Жозефина счастлива, что она снова в милом сердцу дворце. Пусть мебель там «с бору по сосенке» и решительно разностильна — экс-императрица все равно любит свое собрание безделиц. Спальня ее переделана. Она — и с полным основанием — находит восхитительной новую кровать с маркой «Якоб Десмальтер». Увенчанное овальным балдахином, это сооружение покоится на четырех рогах изобилия, а в изголовье красуются два лебедя из позолоченного дерева. Стены и кресла обиты алым, окна и постель задрапированы муслином, все расшито золотом.

Туалетный прибор, подарок города Парижа в день коронации, сделан из вермеля; между окон стоит трон. Жозефина запретила что-нибудь менять в «прекраснейшей из комнат» — в спальне императора, где римское ложе на подиуме, покрытом тигровыми шкурами, являет глазам «простые и безупречные античные формы». Ей случается заглядывать на встречу со своими воспоминаниями в этот покой, где вместо занавесей висят «шатровые полотнища». В кабинете императора рядом с чернильницей лежит перо. Здесь все, «как прежде». На карте мира еще видны «следы нетерпеливых жестов».

— Мои реликвии, — приговаривает она, собственноручно смахивая пыль с привычных ей предметов, воскрешающих для нее прошлое.

Нет ли во всем этом известной нарочитости? Не пестует ли она в себе начинающую затухать боль? Не силится ли думать о потерянном ею человеке, в то время как — мы это уже говорили — больше сожалеет об утраченной империи?

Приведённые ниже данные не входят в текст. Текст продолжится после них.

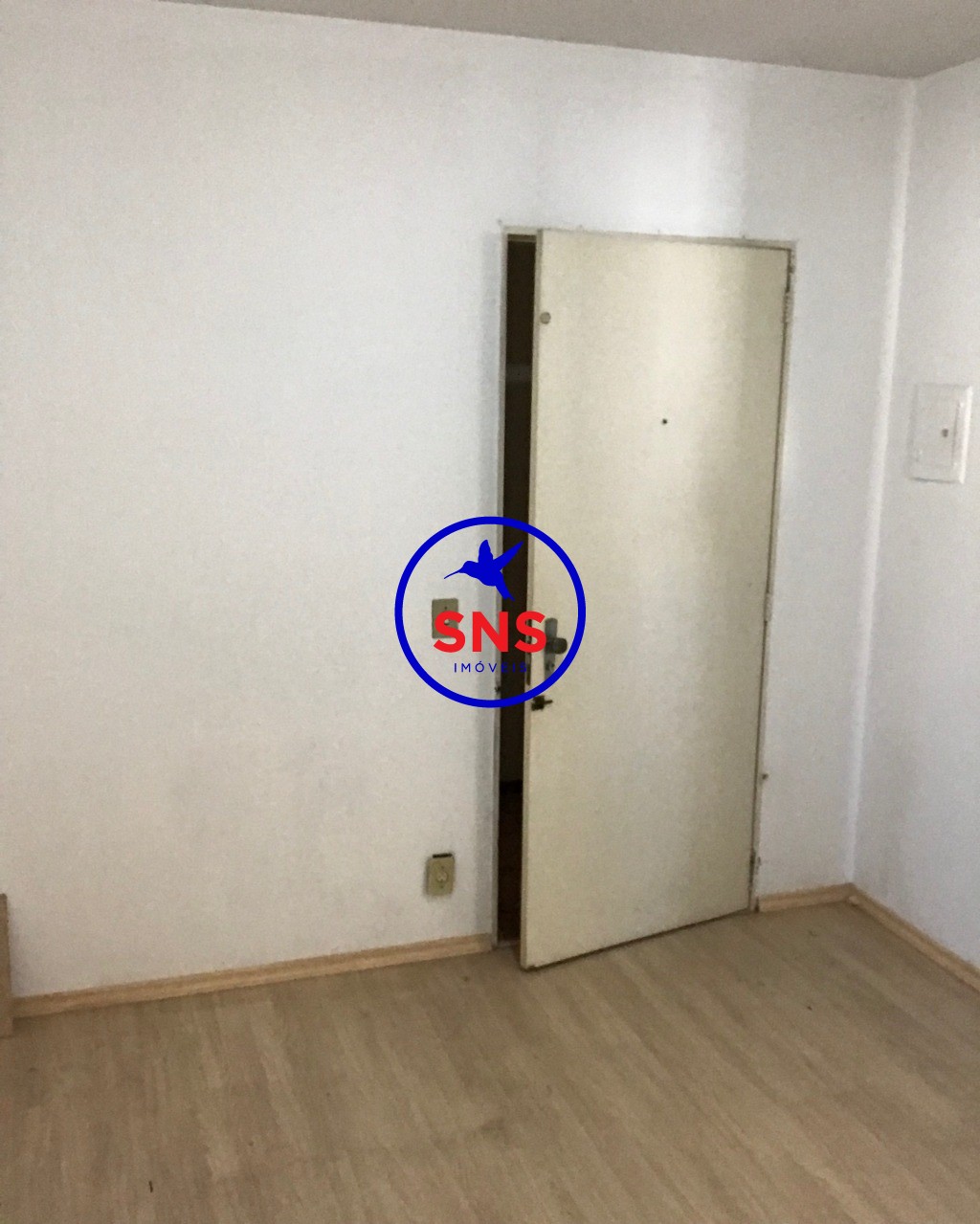 Apartamento à venda com 1 quarto, 35m² - Foto 2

Мальмезон возвращает ее в родную стихию — атмосферу постоянных приемов. Чтобы получить прием, следует обратиться к фрейлине, которая назначает день, и визит неизменно завершается приглашением на ближайший завтрак или обед. Это влечет за собой новый визит для выражения признательности. Безалаберная жизнь в Наваррском замке отошла в прошлое, но Жозефина — только она одна — не жалеет о ней. К девяти утра дамы, как придворные, так и гостьи, вроде Жоржетты Дюкре, должны быть «одеты и убраны», а мужчины получают приказ облачиться в мундиры или фраки с шитьем и принимать приглашенных. Последним тоже полагается быть при полном параде и являться задолго до завтрака. После трапезы, длящейся три четверти часа, — классическая партия в бильярд, в которой, понятное дело, выигрывает самый важный из посетителей. Затем накатывается волна дневных визитеров.

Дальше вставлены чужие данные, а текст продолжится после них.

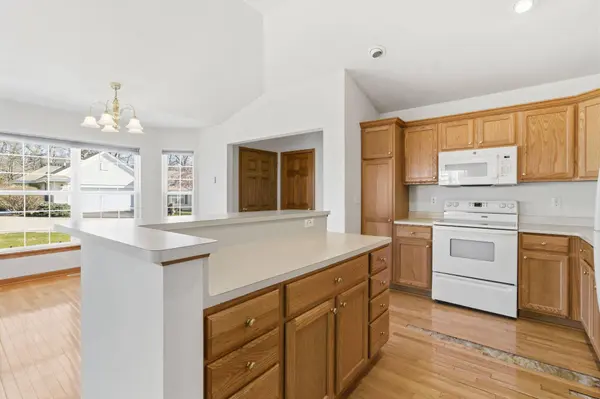 N96W14211 Knollcrest Cir, Germantown, WI 53022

Здесь пора передать слово Жоржетте Дюкре:

«Когда позволяла погода, мы шли в теплицы, всегда по одной и той же аллее, беседуя об одном и том же — о ботанике, о любви ее величества к этой интереснейшей науке, о ее исключительной памяти, позволявшей ей знать названия всех растений; все это говорилось почти одинаковыми словами и в один и тот же час, отчего прогулки становились утомительными и скучными. Как только я добиралась до прелестной аллеи, так пленившей меня в первый день, на меня нападала зевота, да такая, что я с трудом подавляла ее, продолжая и поддерживая монотонный, надоевший всем разговор. Осмотрев до последней тычинки самые редкие цветы, мы шли любоваться черными лебедями (бесконечно менее красивыми, чем белые, имеющие несчастье быть более распространенными). По молчаливому сговору эти птицы, оперением напоминающие индюков, считались великолепными, и всякий раз мы выслушивали рацеи дежурного камергера о трудностях их акклиматизации: он с серьезным видом утверждал, что они приживаются только в Мальмезоне».